Abstract
Objectives
The aim of this study was to evaluate the safety and improvement in quality of life using 10 mg and 5 mg daily doses of mifepristone for the treatment of uterine fibroids.
Design
The research was a randomized double-blind clinical study undertaken at the Eusebio Hernández Hospital in Havana, Cuba.
Subjects and methods
Seventy subjects with symptomatic uterine fibroids took one daily capsule of 10 mg or 5 mg mifepristone orally for 9 months. One to three endometrial biopsies were performed.

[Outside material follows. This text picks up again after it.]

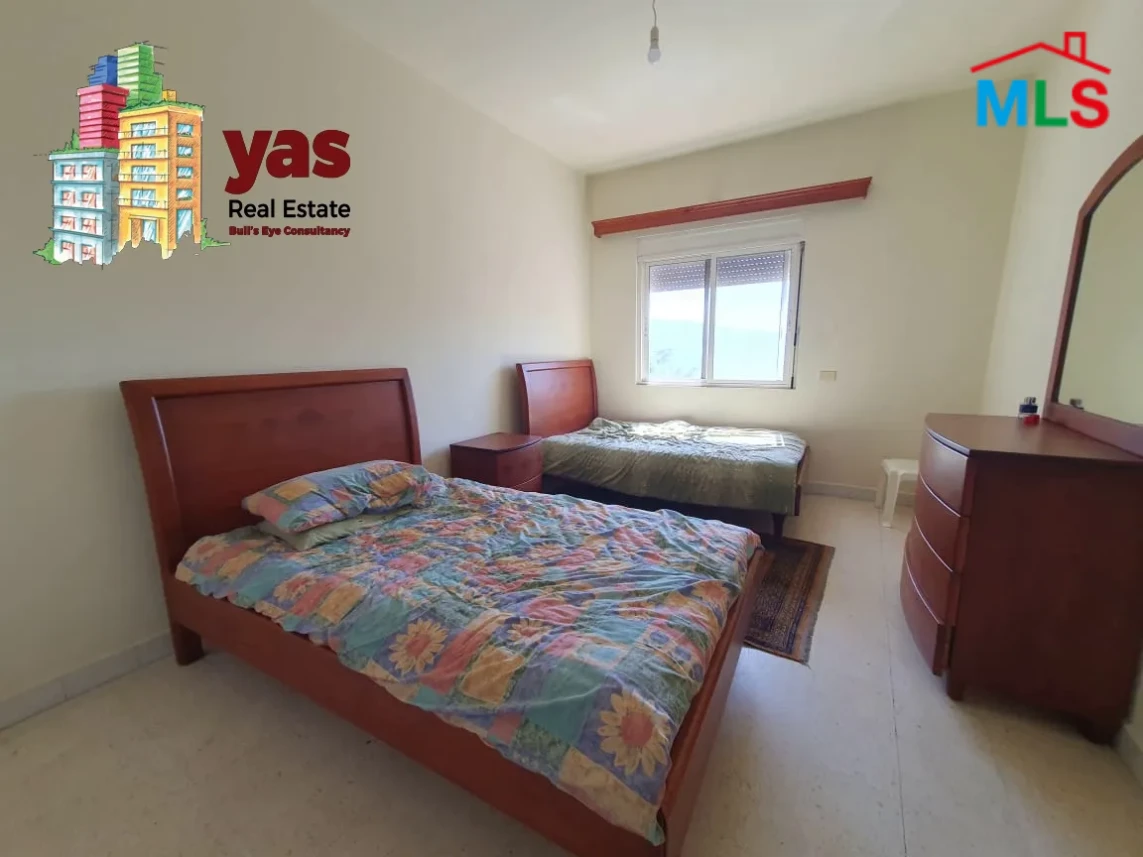 Ajaltoun 190m2 | Furnished | Rent | Well Maintained | Quiet Street |KH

In evaluating safety, the variables studied were endometrial changes associated with mifepristone, elevation of hepatic transaminases, side effects of mifepristone, and instances and duration of irregular bleeding.
Results
There were 30/49 (61.2%) and 13/24 (54.2%) diagnoses of endometrial changes associated with mifepristone in the 10 mg and 5 mg groups, respectively (P = 0.282). At every evaluation visit the average endometrial thickness was significantly greater in the 10 mg group than in the 5 mg group (P = 0.013, P = 0.002, and P = 0.013, respectively). Only five subjects had slight elevations in their hepatic transaminases after 9 months’ treatment. Sixteen of 35 (45.7%) and eight of 33 (24.2%) subjects had the occasional hot flush in the 10 mg and 5 mg groups, respectively (P = 0.032). In total, there were 12.9 ± 4.6 (n = 21) and 9.1 ± 3.9 (n = 18) days of irregular bleeding in the 10 mg and 5 mg groups, respectively (P = 0.009).
Conclusion
According to the study findings, a 5 mg daily dose over 9 months has a relatively better safety profile than the 10 mg dose.
Disclosure
We would like to thank Laboratories Litaphar, S.A. for the free supplies of the mifepristone used in this clinical trial and also for their support. The authors declare no conflicts of interest in this work.